Right.... when you said name sake, I thought you meant someone else
i never did finish that story Simon
you should. Douglas Adams is (was) a very clever man.
although on saying that, his books aren't everybodies cup of tea
Not for everybody, but then there's always the radio show, or the movie
i never finished the movie either 
Gah!
what're we gonna do woth you!!
did you not finish the movie through choice or mitigating circumstances?
there is only one movie i have never finished - i remember it all too well - it was called The Pest and it had John Leguiziamo in it (not sure of the spelling and too lazy to look it up). I really really disliked that movie - i cannot bring to mind a worse waste of money and time to make crap like that.
all the books are awesome.
so clever and funny.......definitely worth it.
The original radio series (from the late 70's early 80's) is a pure gem. They were broadcast before the book was written. The TV series was OK but the recent film was awful.
My grandparents have what's either an earlier film, or the TV series on video
The books are probably my media-form of choice, but I never heard the radio show so I guess that was kind of inevitable.
Recent film... had some decent moments, if it wasn't in the shadow of all the previous HHGttG stuff it might even seem good, but as an addition to what's gone before, sub-par.
They'll have the TV series on video.
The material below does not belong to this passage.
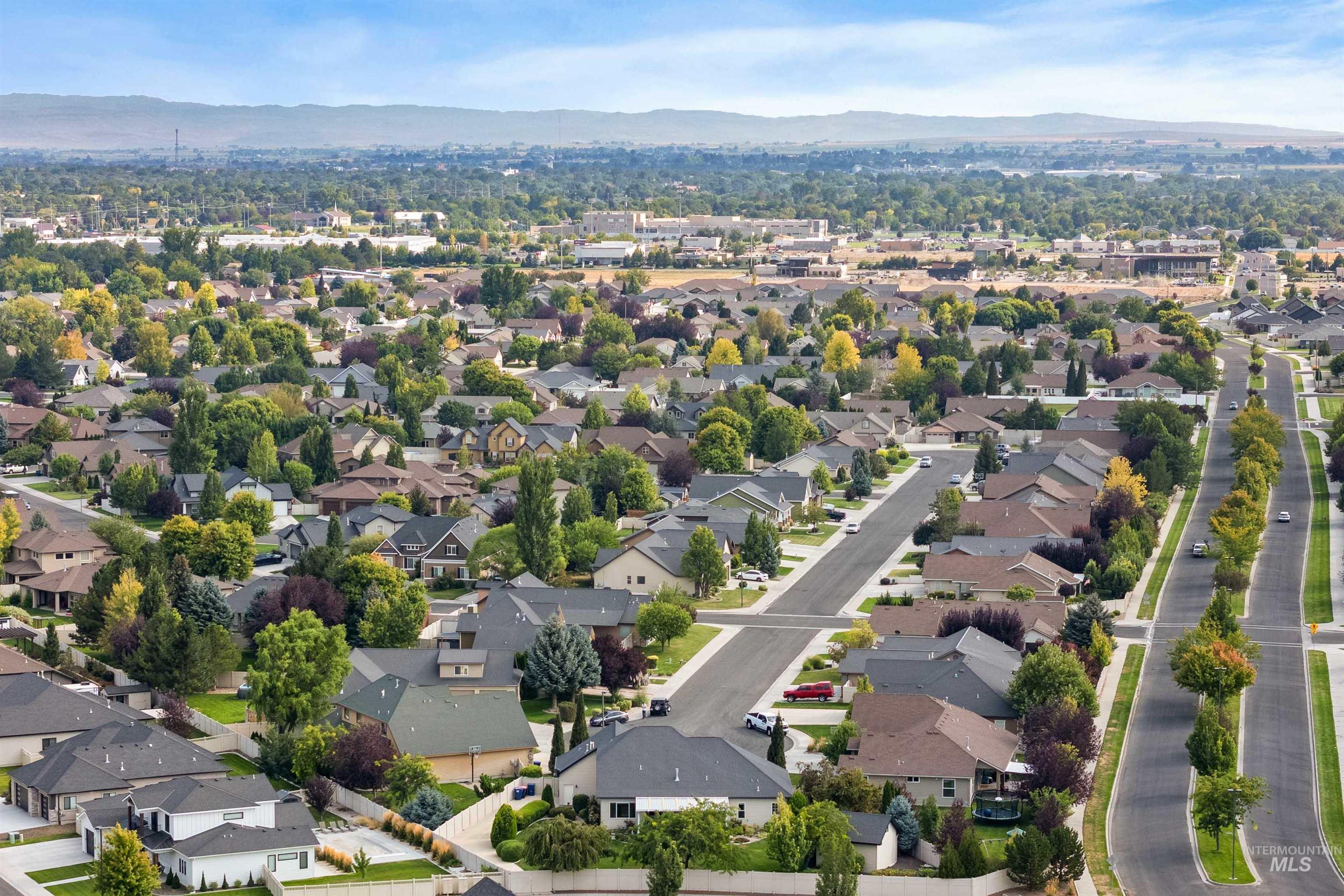 Aerial perspective of suburban area with a mountainous background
You can also get all the radio stuff on CD.
ah...'a trilogy in five parts'.......an appropriate topic for this, yes?
when i recently decided to read the entire series....i found a "complete version", which had been put together before douglas adams died.......it included a really nice preface where he discusses the whole history and makes a sort of time-line......and also a related short story.......
i thoroughly enjoyed it.
i agree with sk that the movie would have been better if it weren't for all that was already out there.